When to use: Use when the array (or range) is sorted and you need to find a value, first/last occurrence, or the smallest value that satisfies a condition. Also “binary search on the answer” when the answer is in a range and you can test feasibility.

How Binary Search is different than Two Pointers:

• The two indices only mark the range; the decision is always at the middle (you compare arr[mid] to the target, not the two ends).
• Each step discards half the range — that’s why you get O(log n). Two pointers typically move one step at a time (O(n)).
• Binary search finds a single value (or first/last occurrence, or “smallest x such that …”). Two pointers work with pairs or two active positions (e.g. two numbers that sum to target).
• In short: binary search uses “two indices as bounds” and always inspects the middle; two pointers use two indices as the active positions and move them one step at a time.

Idea: Maintain a range [lo, hi] that must contain the answer. Each step compare the middle element to the target (or test mid for feasibility) and narrow the range to the left or right half.

Time / space: O(log n) time, O(1) extra space.
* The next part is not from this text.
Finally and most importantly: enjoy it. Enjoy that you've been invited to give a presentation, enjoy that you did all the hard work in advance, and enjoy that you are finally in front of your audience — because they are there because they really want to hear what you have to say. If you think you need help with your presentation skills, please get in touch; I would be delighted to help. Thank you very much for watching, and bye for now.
Example #1 — Find Target in Sorted Array

Sample input and output

arr = [1, 3, 5, 7, 9]
print(binary_search(arr, 5))   # True
print(binary_search(arr, 4))   # False

• Sample input: arr = [1, 3, 5, 7, 9], target = 5.
• Sample output: True — 5 is in the array. For target = 4 the output is False (not in array).

Code (with inline comments)

def binary_search(arr, target):
    lo, hi = 0, len(arr) - 1   # range that could contain the answer

    while lo <= hi:
        mid = (lo + hi) // 2   # middle index (integer division)
        if arr[mid] == target:
            return True
        if arr[mid] < target:
            lo = mid + 1   # target must be in the right half
        else:
            hi = mid - 1   # target must be in the left half
    return False

Line-by-line:

• lo, hi = 0, len(arr) - 1 — We keep a range [lo, hi] (inclusive) where the target could be. Initially the whole array.
• while lo <= hi: — If lo passes hi, the range is empty and the target isn’t in the array.
• mid = (lo + hi) // 2 — Integer division (//) gives a whole number. We check the middle element of the current range.
• if arr[mid] == target: return True — Found it.
• if arr[mid] < target: lo = mid + 1 — The array is sorted, so if the middle value is smaller than the target, the target must be to the right. We shrink the range to [mid+1, hi].
• else: hi = mid - 1 — The middle value is greater than the target, so the target must be to the left. We shrink to [lo, mid-1].
• return False — The loop ended without finding the target.

Execution trace (numbered list)

For arr = [1, 3, 5, 7, 9], target = 5:

1. Step 1: lo=0, hi=4, mid=2, arr[mid]=5. 5 == 5 → return True.

For a miss (e.g. target=4): Step 1: lo=0, hi=4, mid=2, 5>4 → hi=1. Step 2: lo=0, hi=1, mid=0, 1<4 → lo=1. Step 3: lo=1, hi=1, mid=1, 3<4 → lo=2. lo>hi → return False.

Execution trace (code with step comments)

arr = [1, 3, 5, 7, 9]
target = 5
lo, hi = 0, len(arr) - 1   # 0, 4

# Step 1
mid = (lo + hi) // 2   # 2
# arr[2] == 5 == target → return True

For target=4: mid=2, 5>4 → hi=1; mid=0, 1<4 → lo=1; mid=1, 3<4 → lo=2; lo>hi → return False.

Execution trace (ASCII diagram)

Range [lo, hi] and mid at each step; ^ marks mid.

arr = [ 1,  3,  5,  7,  9 ], target = 5
        lo      mid     hi
        [-------^-------]
        arr[mid]=5 == 5 → return True